Не будем заблуждаться: приговоры о смертной казни, которые когда-то могли выносить только графские суды, равно как суды более высокие - королевский суд и ассизы, созываемые missi, - были в эпоху франков необыкновенно редки. Только преступления, которые были сочтены чрезвычайно опасными для общественного порядка, заслуживали такого наказания. Обычно роль судей сводилась к тому, чтобы предложить или принудить к согласию, обязать к внесению возмещения, согласно установленному законом тарифу, часть которого доставалась власти, наделенной судебными полномочиями. Но потом наступило время несостоятельности государственной власти, время кровной мести и разгула насилия. Старая система наказаний, чья опасная несостоятельность была доказана на деле, вызвала противодействие, тесно связанное с движением «мирных содружеств». Самое яркое выражение этого противодействия мы видим в совершенно новом отношении ко многим фактам влиятельных кругов церкви. В предыдущий период из-за нежелания проливать кровь и способствовать злопамятности церковь поощряла практику «денежных соглашений». Но в этот опасный период она поднимает голос и пламенно ратует за то, чтобы слишком легко дающийся выкуп был заменен грозными наказаниями, которые только одни и способны образумить и напугать злодеев. Именно в это время - примерно к X веку - европейский уголовный кодекс приобретает тот суровый и зловещий характер, отпечаток которого он сохранял так долго и против которого было направлено столько усилий уже во времена, гораздо более близкие к нашим; если старинный кодекс поддерживал равнодушие к человеческим страданиям, то жестокая метаморфоза, которая произошла с ним, была вызвана желанием эти страдания искоренить.
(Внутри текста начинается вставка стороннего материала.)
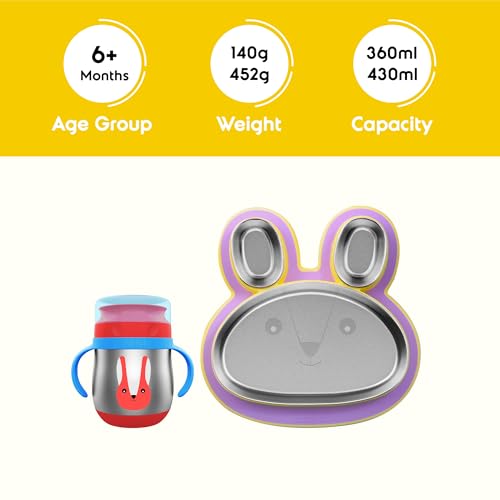 Image of rabitat Happy Tummy Combo Stainless Steel 360 Training Cup Bunny Boo 390ml and Hoppy Playte Purple 430ml 3-Sectional Plate for Toddlers & Kids |2 Year Brand Warranty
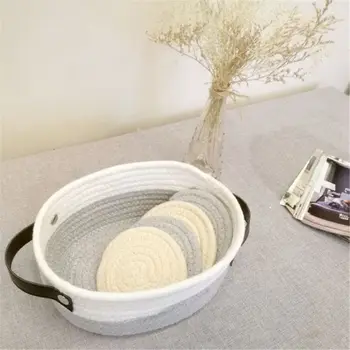 

Nordic Mosaic Sundries Baskets Handmade Green Cotton Storage Baskets Desktop Debris Storage Boxes Household Storage Collection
Итак, все криминальные преступления, как бы значительны они ни были, если не требовали вмешательства палача, подлежали рассмотрению в нижних судах: на судебных заседаниях «сотен» или в иммунитетах. Пришло время, когда денежные компенсации были заменены совсем иными наказаниями, но судебная система не изменилась: изменилась система санкций, и графы потеряли монополию на смертные приговоры. Этот переход был облегчен двумя особенностями предыдущего периода. Суды «сотен» всегда имели право карать смертью преступника, если он был застигнут на месте преступления. Таково было проявление заботы о поддержании общественного порядка. Заботой о его поддержании и руководствовались эти суды, когда перешли установленные ранее границы. А иммунисты всегда распоряжались жизнью и смертью своих рабов. Но где была граница между рабами и свободными, когда все они стали зависимыми?
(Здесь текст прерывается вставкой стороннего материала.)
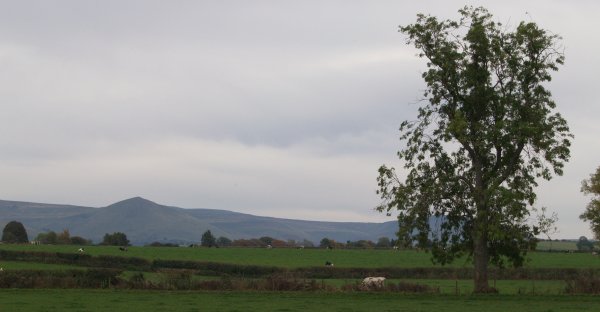 Distant profile of Dufton Pike - River Eden walk, Bolton Village near Appleby, Cumbria, Northern England
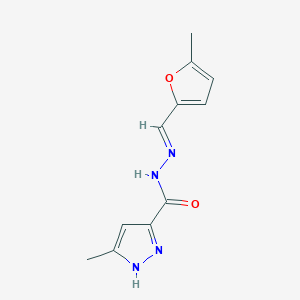 molecular formula C11H12N4O2 B11691936 3-methyl-N'-[(E)-(5-methylfuran-2-yl)methylidene]-1H-pyrazole-5-carbohydrazide 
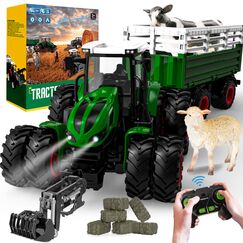 Ferngesteuerter Traktor Ferngesteuert mit anhänger, Traktor Spielzeug ab 3 Jahre, 2.4 GHz RC Trecker Spielzeug mit Fernbedienung, Kuh und Schaf, Geschenk ab 3 4 6 Jahre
Кроме особо опасных преступлений, графские судебные заседания имели исключительное право на рассмотрение следующих дел: решение вопросов о статуте - свободный или раб в случае, когда речь щла о хозяевах, у которых еще существовали рабы; решение по вопросам владения аллодами. Наследство графских судов не перешло целиком и полностью к гораздо более многочисленным высшим судам иоследующих эпох. Тяжбы, касающиеся аллодов, честно говоря, все более и более редкие - зачастую так и остались монополией тех, кто сделался подлинным наследником графского суда; например, именно так было до XII века в Лане, где функции графа исполнял епископ (332). Что же касается вопросов серважа или рабства, то с исчезновением домашних рабов и появлением нового понимания свободы и несвободы подобные вопросы затерялись среди многочисленных споров о вотчинах и зависимых слугах, что никогда не являлось компетенцией «больших судов» и не причислялось к «крупным делам». В результате вышло так, что вопросы аллодов отошли к самым высшим инстанциям, вопросы серважа к низшим, и «высшие суды» были обречены на роль судов уголовных преступлений. «Гражданские дела» - в современном понимании этого слова - вновь вернулись в высшие инстанции после того, как была введена судебная процедура. В феодальную эпоху множество споров разрешалось с помощью поединков. По естественной ассоциации идей, не всюду, но достаточно во многих местах это кровавое доказательство правоты было отдано в ведение судов, располагающих «правосудием с кровью».